Rather that viewing dating primarily as a way to determine if a person is your future mate it is much better to view your dating relationship as an opportunity to learn to love someone, to grow, and to help your date to grow. Dating relationships provide wonderful opportunities to develop relationship skills. Dating provides opportunities to influence each other. To encourage each other, to challenge each other to grow. Dating provides time to learn about someone. During the early stages of a dating relationship I would suggest that we need to strongly resist the tendency to ask “is this the person I will marry?”. Rather, just enjoy learning who this wondrous person is. They are fearfully and wonderfully made. God is doing something special with them.
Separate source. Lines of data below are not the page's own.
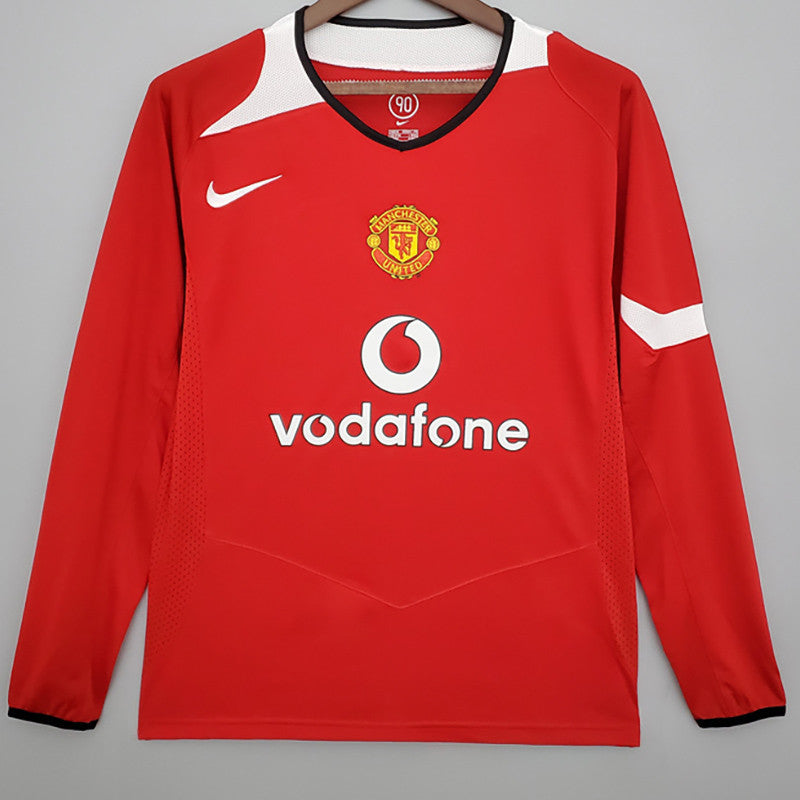 Jersey Retro Manchester United Local 04-05 Manga Larga Numero 7 Ronaldo Version Aficionado Calidad Premium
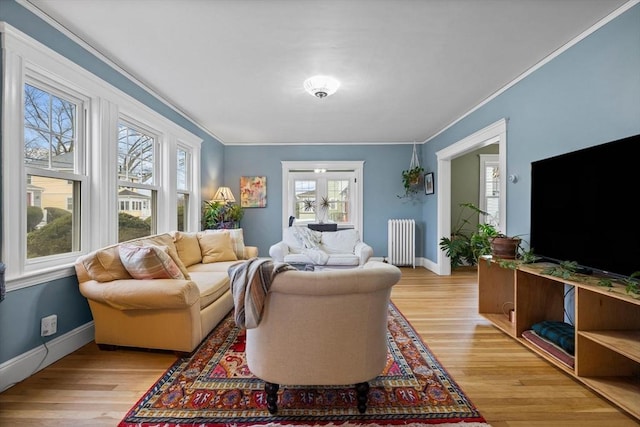 living room with crown molding, light wood-style floors, plenty of natural light, and radiator heating unit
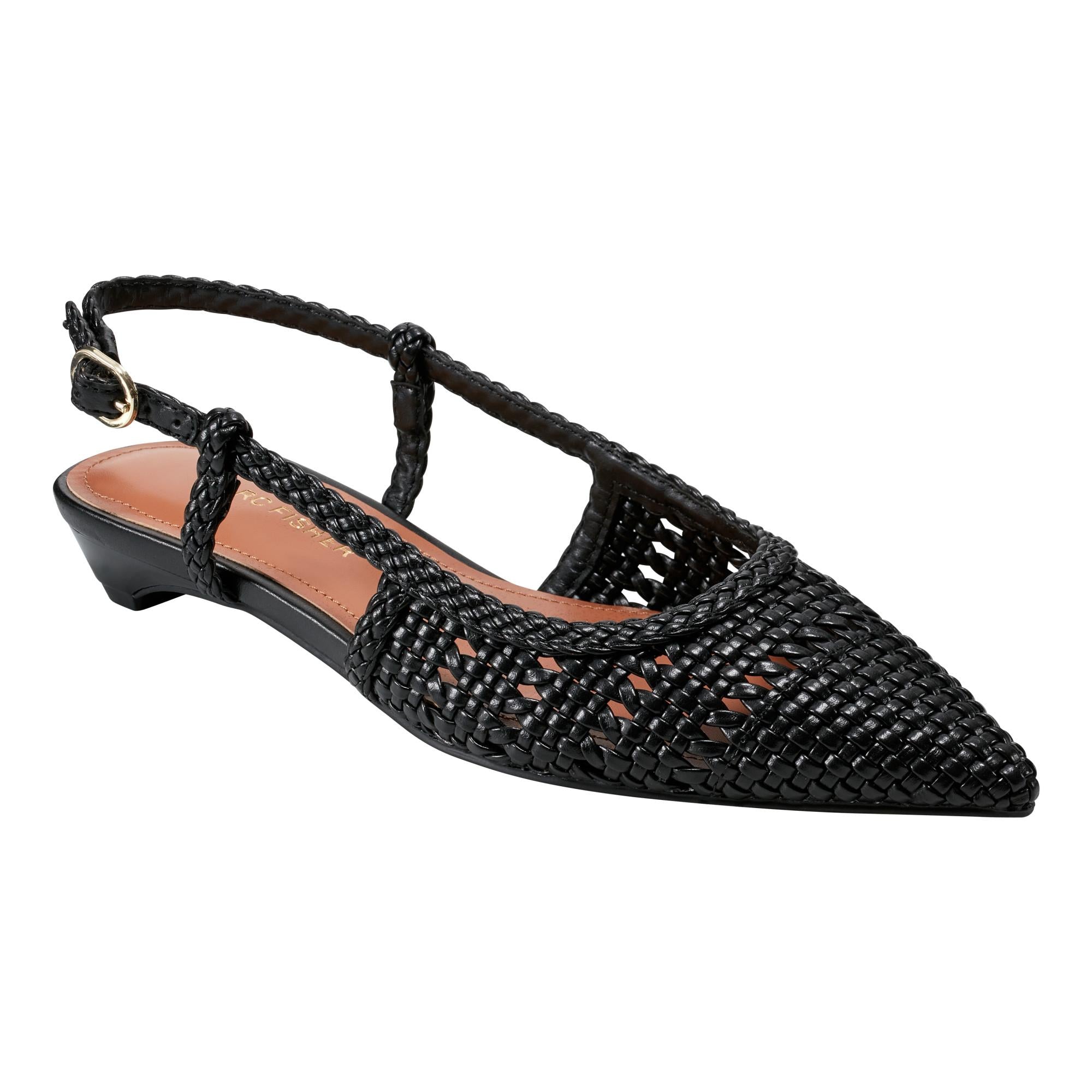 Marc Fisher Women's Kelysa Black Leather Pointed Toe Ankle Boots with Woven Fez Nappa Design - Perfect for Office, Date Night & Fall Fashion Outfits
What an adventure to get to see the arc of their life. Maybe you will get to share life’s journey as a spouse, maybe as a friend… but whatever the outcome, the time spent dating someone isn’t wasted. The time will come when you will have to decide how a relationship will evolve, but there are many good outcomes, several of which don’t involve marriage. Even chance encounters with people you will never see again could be a blessing.
When we feel attraction toward someone else, it’s hard to know if we are actually investing in them, loving them, or if we are largely being driven by our emotions and desires. Our hearts are best revealed when what we desire is denied. Our response to a relationship ending truly reveals our heart, but that’s too late. I sometimes encourage people to do a thought experiment. Lets say a young man is struggling through his feelings toward a young lady. I ask him to consider how he would response if after a bit the women he is attracted to shares that she feels that she has been called to go to Siberia as a missionary in the next year, and he didn’t. I will ask the young man “If you are confident that she is called to this ministry could you set aside your personal desire for her as a romantic partner, join with others to provide financial support, pray for her daily, encourage her to follow strongly after the Lord, even though that takes her to a distant country?” I might even challenge him to imagine he knows a godly man who was also called to Siberia. I ask “Could you introduce them knowing they might get married which would be a blessing for them, giving both a partner in a tough ministry.” If the answer is “I don’t think I could do that” I ask the question “Why not?” This is the sort of love we are called to have.

Earlier I recommended several books about dating.  The two books that I think are particularly relevant to this post are  The Marriage Builder by Larry Crabb and The Meaning of Marriage by the Kellers. These two books explore the issues I have raised in much more detail.

As for me, this is a season of singleness. A time to take care of my daughter and to figure out what’s next in life. Of course not dating doesn’t mean you can’t invest in other people’s lives.  I still get the pleasure of  spending time with new and old friends, hearing their stories, and maybe helping them along the way. Being in community is precious.

Finally, brethren, whatever is true, whatever is honorable, whatever is right, whatever is pure, whatever is lovely, whatever is of good repute, if there is any excellence and if anything worthy of praise, [dwell on these things. The things you have learned and received and heard and seen in me, practice these things, and the God of peace will be with you.